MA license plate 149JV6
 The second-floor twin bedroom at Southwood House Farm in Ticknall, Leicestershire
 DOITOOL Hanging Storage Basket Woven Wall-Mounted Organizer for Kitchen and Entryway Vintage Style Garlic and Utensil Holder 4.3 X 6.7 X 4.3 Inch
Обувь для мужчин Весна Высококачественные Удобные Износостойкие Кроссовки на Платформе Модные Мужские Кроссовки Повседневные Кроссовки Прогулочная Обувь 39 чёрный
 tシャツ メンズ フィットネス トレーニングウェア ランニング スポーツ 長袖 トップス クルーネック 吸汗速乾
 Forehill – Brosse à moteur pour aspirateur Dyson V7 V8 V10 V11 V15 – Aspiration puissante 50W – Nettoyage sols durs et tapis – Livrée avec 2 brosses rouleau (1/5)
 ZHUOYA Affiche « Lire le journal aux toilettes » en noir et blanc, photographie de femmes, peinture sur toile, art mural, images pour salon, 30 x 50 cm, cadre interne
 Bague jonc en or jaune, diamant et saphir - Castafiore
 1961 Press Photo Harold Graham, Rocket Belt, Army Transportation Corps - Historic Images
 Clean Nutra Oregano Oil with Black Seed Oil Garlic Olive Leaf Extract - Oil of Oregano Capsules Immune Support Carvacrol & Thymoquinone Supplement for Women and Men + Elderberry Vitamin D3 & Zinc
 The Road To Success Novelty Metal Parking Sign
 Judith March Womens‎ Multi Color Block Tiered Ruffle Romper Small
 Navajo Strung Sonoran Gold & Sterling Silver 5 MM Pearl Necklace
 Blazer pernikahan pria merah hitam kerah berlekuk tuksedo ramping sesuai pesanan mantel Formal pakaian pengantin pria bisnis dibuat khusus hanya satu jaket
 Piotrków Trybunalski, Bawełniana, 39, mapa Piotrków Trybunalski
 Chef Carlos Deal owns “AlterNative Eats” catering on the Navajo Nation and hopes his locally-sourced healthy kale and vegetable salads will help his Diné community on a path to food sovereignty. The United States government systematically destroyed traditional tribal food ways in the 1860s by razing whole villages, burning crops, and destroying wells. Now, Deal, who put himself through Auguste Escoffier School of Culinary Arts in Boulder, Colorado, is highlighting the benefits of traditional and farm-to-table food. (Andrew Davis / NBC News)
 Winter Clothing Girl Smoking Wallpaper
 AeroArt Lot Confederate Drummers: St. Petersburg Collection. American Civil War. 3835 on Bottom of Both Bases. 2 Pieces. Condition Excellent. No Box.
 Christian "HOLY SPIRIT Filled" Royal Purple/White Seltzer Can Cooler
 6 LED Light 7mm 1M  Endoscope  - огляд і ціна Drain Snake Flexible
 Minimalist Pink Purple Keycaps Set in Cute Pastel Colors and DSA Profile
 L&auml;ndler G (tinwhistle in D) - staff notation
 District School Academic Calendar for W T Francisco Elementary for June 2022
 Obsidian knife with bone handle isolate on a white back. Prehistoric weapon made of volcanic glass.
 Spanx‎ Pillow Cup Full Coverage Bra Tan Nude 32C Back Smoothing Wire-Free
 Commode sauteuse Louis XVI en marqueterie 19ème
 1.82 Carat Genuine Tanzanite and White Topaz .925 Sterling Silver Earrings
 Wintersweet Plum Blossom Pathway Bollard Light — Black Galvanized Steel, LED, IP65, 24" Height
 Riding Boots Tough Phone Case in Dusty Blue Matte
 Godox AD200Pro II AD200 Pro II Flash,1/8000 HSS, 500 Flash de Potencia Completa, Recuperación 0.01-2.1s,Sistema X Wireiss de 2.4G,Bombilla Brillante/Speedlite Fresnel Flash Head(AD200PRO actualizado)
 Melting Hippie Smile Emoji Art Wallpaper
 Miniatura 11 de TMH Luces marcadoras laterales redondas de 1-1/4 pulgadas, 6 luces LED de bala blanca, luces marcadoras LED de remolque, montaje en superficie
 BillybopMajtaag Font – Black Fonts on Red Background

# # # # #

◆ WHAT YOU HAVE TO DO
Copy out, word for word, the part of the entries above that begins at the line with "Judith March Womens‎" and ends at the line with "Minimalist Pink Purple", including both.

◆ SOLUTION TO THE PROBLEM
 Judith March Womens‎ Multi Color Block Tiered Ruffle Romper Small
 Navajo Strung Sonoran Gold & Sterling Silver 5 MM Pearl Necklace
 Blazer pernikahan pria merah hitam kerah berlekuk tuksedo ramping sesuai pesanan mantel Formal pakaian pengantin pria bisnis dibuat khusus hanya satu jaket
 Piotrków Trybunalski, Bawełniana, 39, mapa Piotrków Trybunalski
 Chef Carlos Deal owns “AlterNative Eats” catering on the Navajo Nation and hopes his locally-sourced healthy kale and vegetable salads will help his Diné community on a path to food sovereignty. The United States government systematically destroyed traditional tribal food ways in the 1860s by razing whole villages, burning crops, and destroying wells. Now, Deal, who put himself through Auguste Escoffier School of Culinary Arts in Boulder, Colorado, is highlighting the benefits of traditional and farm-to-table food. (Andrew Davis / NBC News)
 Winter Clothing Girl Smoking Wallpaper
 AeroArt Lot Confederate Drummers: St. Petersburg Collection. American Civil War. 3835 on Bottom of Both Bases. 2 Pieces. Condition Excellent. No Box.
 Christian "HOLY SPIRIT Filled" Royal Purple/White Seltzer Can Cooler
 6 LED Light 7mm 1M  Endoscope  - огляд і ціна Drain Snake Flexible
 Minimalist Pink Purple Keycaps Set in Cute Pastel Colors and DSA Profile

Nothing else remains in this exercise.